BIRC5 dependency defines a targetable vulnerability in TP53 mutant acute myeloid leukemia

TP53 mutations across multiple cancers, including acute myeloid leukemia (AML), are associated with poor outcomes irrespective of treatment modality. However, druggable vulnerabilities beyond canonical p53 targets remain largely unexplored. We identify BIRC5 (encodes survivin), an inhibitor of the apoptosis protein (IAP) family, as a novel vulnerability in TP53 mutant AML using an unbiased, comprehensive multiomics approach; whole-genome CRISPR knockout screen, bulk and single-cell RNA-seq, proteomics, and high-throughput drug screen.

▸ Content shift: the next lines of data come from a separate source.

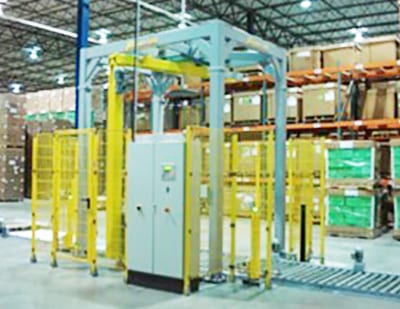 Pamminger Flyer 2.7 Pallet Wrapping Machine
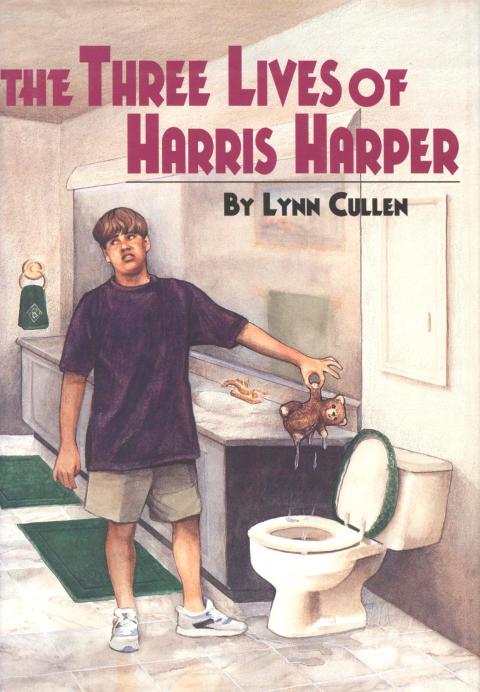 Cover image for book The Three Lives of Harris Harper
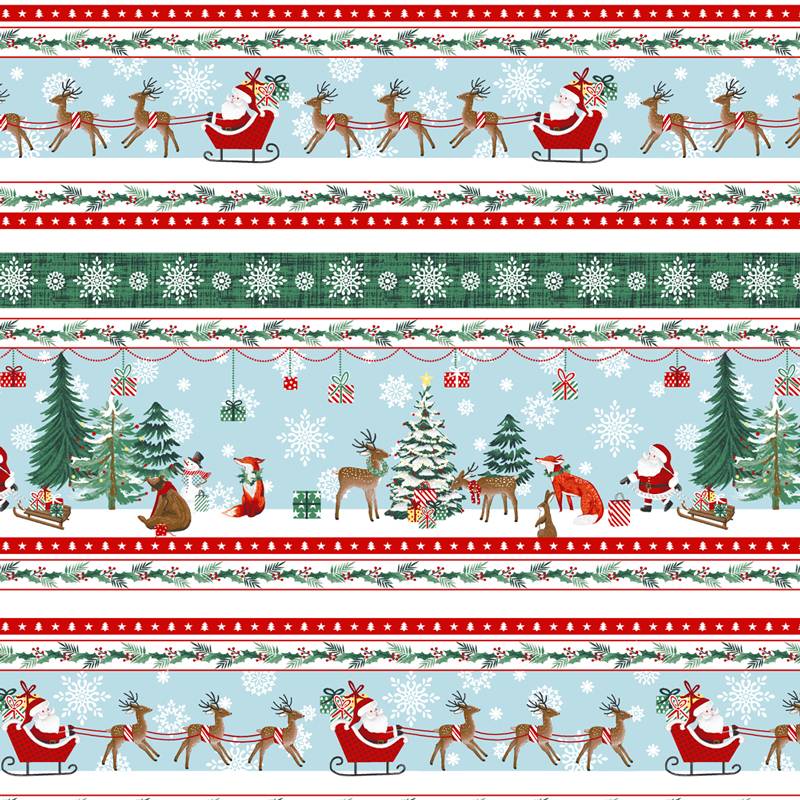 Stoffa natale 22 - Quilt Shop Il Giardino delle Zucche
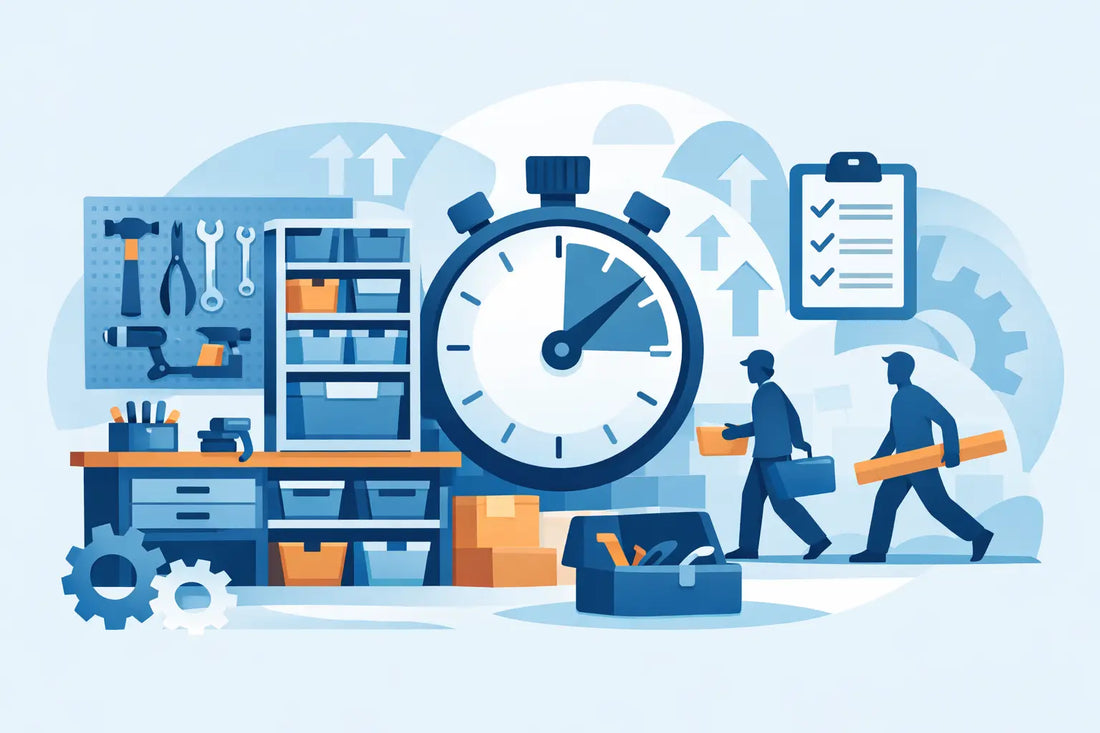 Workshop Storage Trends That Actually Save Time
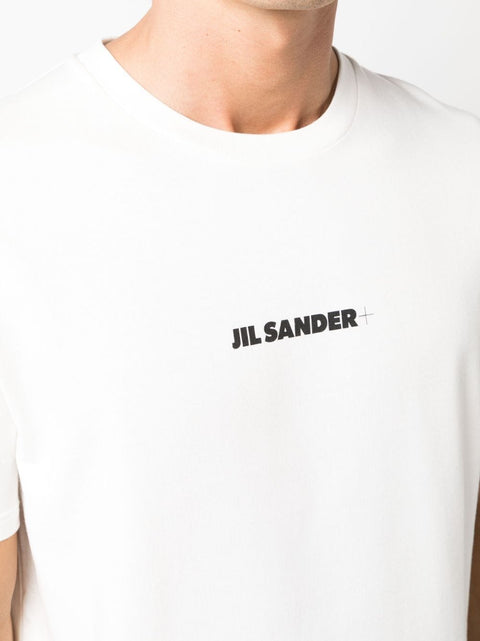 Jil Sander Plus JIL SANDER PLUS T-shirts and Polos White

Mechanistically, BIRC5 deletion in AML restored caspase-9 and -3/7 activity and downregulated other IAPs, implicating BIRC5 as the central post-mitochondrial regulator for blocking apoptosis. p53 stabilization suppressed BIRC5 selectively in TP53 wild-type AML, explaining BIRC5 upregulation in TP53 mutant lines and AML primary tumors (n > 700). Longitudinal single-cell RNAseq (n = 22 pairs) revealed expansion of BIRC5high stem and progenitor leukemia clones in TP53 mutant AML patients post-VenAza therapy. Survivin and IAP inhibitors emerged as top combination partners with VenAza in TP53 mutant AML cells and showed potent in vivo leukemic blast inhibition in xenograft models and primary tumors. Beyond AML, BIRC5 was upregulated broadly across 17 of 25 TP53 mutant cancers in the TCGA cohort, and combination with survivin inhibitors overcame chemotherapy resistance in TP53 deficient triple negative breast and colorectal cancers. These findings define BIRC5 as a critical, targetable dependency and unveil survivin/IAP inhibition as a promising therapeutic axis to overcome p53-related resistance across both hematologic and solid malignancies.